Secretary of the Navy Kenneth J. Braithwaite announced Dec. 2 that the U.S. Navy’s second Constellation class guided-missile frigate will be named USS Congress (FFG 63).

Braithwaite made the announcement during a hearing on Navy and Marine Corps Readiness with the Senate Armed Services Subcommittee on Readiness and Management Support on Capitol Hill.   

“To honor and recognize the work [Congress] and your staff do every day to support our Sailors and Marines, I take pleasure in announcing that a future frigate will carry the name Congress,” said Braithwaite. “The Department of the Navy looks to you for the strong oversight and partnership that has enabled our maritime strength ever since Congress authorized the construction of our first six ships -- the mighty American frigates of 1794.”

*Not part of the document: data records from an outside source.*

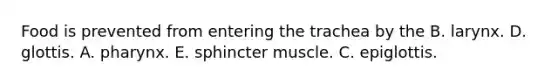 Food is prevented from entering the trachea by the B. larynx. D. glottis. A. pharynx. E. sphincter muscle. C. epiglottis.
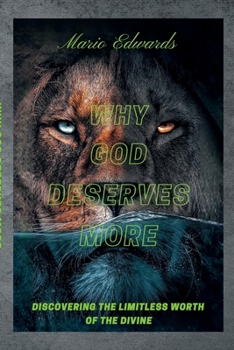 Paperback Why God Deserves More: Discovering the Limitless Worth of the Divine Book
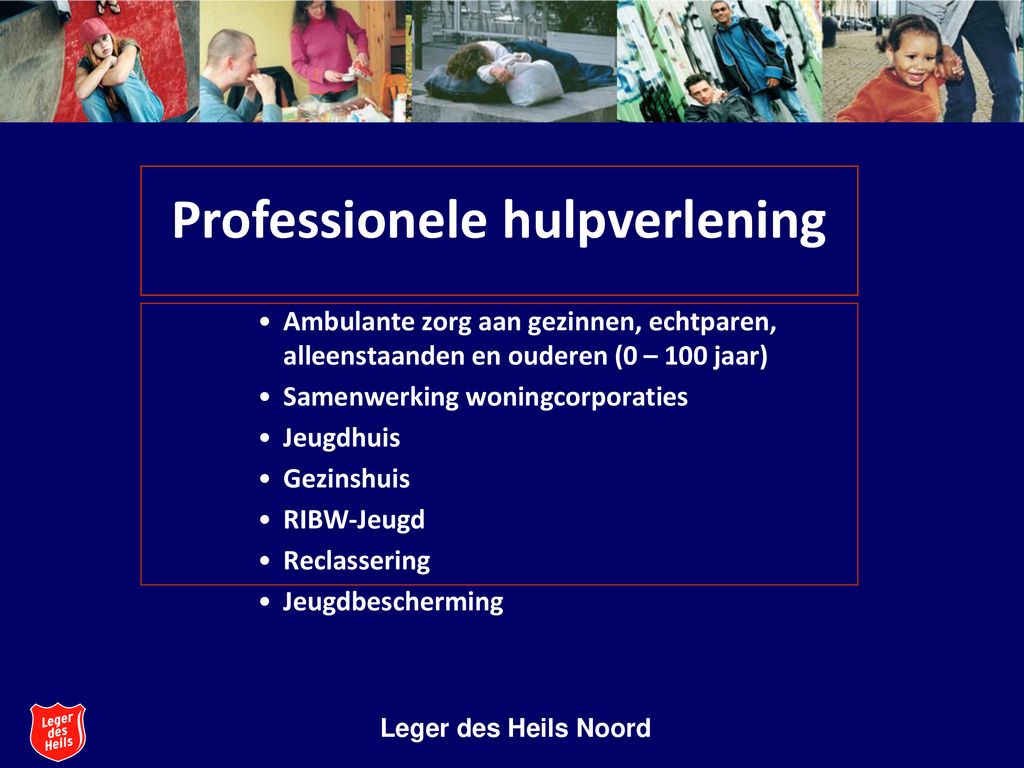 Fantastisch Herhaald weten Stichting Leger des Heils Welzijns- en Gezondheidszorg - ppt download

The ship naming honors the rich history and legacy of the Navy. Congress was among the six original frigates authorized by Congress in the Naval Act of 1794, which established the U.S. Navy as an agile, lethal and ready force and cemented the enduring partnership between the sea service and our nation’s elected legislative officials.

Two naval vessels carried the name Congress during the American Revolution. The first was a row galley that served the Continental Navy during the war, and the second was a 28-gun frigate that was set afire while being outfitted to prevent her capture by the British.

The third USS Congress was a 38-gun wooden-hulled, three-masted heavy frigate launched in 1799. Her first duties with the newly formed United States Navy were to provide protection for American merchant shipping during the Quasi War with France and to defeat the Barbary pirates in the First Barbary War.

The fourth naval vessel to carry the name Congress was a 52-gun frigate launched in 1841. She served in the Mediterranean, South Atlantic and Pacific Oceans. She continued to operate as an American warship until the Civil War when she was sunk by the first ironclad CSS Virginia in battle of Newport News, Virginia.

In 1868, the fifth USS Congress, a screw sloop was launched. The screw sloop moved the Navy toward the modern age, supporting POLARIS arctic mission and visiting the Philly centennial exposition in 1876.

The sixth USS Congress (ID-3698), was built as a private fishing vessel before she was commissioned as a patrol vessel during WWI. She was in commission from 1918 to 1919 carrying out miscellaneous patrol duties until she was stricken from the Navy List and sold.

In October, Braithwaite announced USS Constellation as the name for the first ship in the new Constellation class of ships while aboard the museum ship Constellation in Baltimore Inner Harbor, Maryland.

Constellation class frigates will be built at Marinette Marine Corporation in Marinette, Wisconsin with the first ship scheduled for delivery in 2026.